[[ PROVIDED ENTRIES open ]]

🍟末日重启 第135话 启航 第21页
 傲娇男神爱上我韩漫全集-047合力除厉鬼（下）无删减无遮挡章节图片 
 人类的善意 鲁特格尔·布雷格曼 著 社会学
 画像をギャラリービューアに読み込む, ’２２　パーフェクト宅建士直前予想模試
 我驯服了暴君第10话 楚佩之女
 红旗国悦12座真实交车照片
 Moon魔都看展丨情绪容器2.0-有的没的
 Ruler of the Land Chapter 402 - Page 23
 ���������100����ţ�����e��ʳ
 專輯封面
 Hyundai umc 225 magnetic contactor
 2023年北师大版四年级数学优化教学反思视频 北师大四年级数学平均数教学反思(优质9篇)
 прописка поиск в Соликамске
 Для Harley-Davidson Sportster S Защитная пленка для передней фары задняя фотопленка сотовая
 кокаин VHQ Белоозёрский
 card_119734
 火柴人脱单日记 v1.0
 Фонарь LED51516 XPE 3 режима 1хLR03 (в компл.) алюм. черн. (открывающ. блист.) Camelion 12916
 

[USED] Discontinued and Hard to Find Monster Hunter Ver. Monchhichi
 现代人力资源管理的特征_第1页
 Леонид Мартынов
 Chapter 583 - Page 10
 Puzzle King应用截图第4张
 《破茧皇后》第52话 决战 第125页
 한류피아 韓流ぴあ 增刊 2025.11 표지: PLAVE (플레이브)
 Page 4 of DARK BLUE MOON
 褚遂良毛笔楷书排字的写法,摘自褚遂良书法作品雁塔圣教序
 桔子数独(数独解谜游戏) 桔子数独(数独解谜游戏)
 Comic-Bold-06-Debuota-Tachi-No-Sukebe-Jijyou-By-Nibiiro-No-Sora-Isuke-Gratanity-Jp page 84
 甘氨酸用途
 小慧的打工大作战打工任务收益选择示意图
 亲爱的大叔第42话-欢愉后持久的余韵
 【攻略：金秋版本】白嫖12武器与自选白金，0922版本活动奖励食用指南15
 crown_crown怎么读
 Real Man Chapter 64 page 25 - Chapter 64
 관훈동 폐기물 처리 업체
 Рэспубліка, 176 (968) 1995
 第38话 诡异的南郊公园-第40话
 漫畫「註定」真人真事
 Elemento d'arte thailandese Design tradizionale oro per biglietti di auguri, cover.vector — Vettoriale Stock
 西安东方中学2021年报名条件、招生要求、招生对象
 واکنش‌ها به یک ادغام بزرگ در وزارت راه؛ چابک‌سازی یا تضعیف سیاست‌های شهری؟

[[ PROVIDED ENTRIES closed ]]

§ **PROBLEM DESCRIPTION**: Would you copy out exactly the lines above that start at the one containing "Ruler of the Land Chapter 402 - Page 23" and end at the one containing "прописка поиск в Соликамске", inclusive?

§ **SOLUTION TO THE PROBLEM**:
 Ruler of the Land Chapter 402 - Page 23
 ���������100����ţ�����e��ʳ
 專輯封面
 Hyundai umc 225 magnetic contactor
 2023年北师大版四年级数学优化教学反思视频 北师大四年级数学平均数教学反思(优质9篇)
 прописка поиск в Соликамске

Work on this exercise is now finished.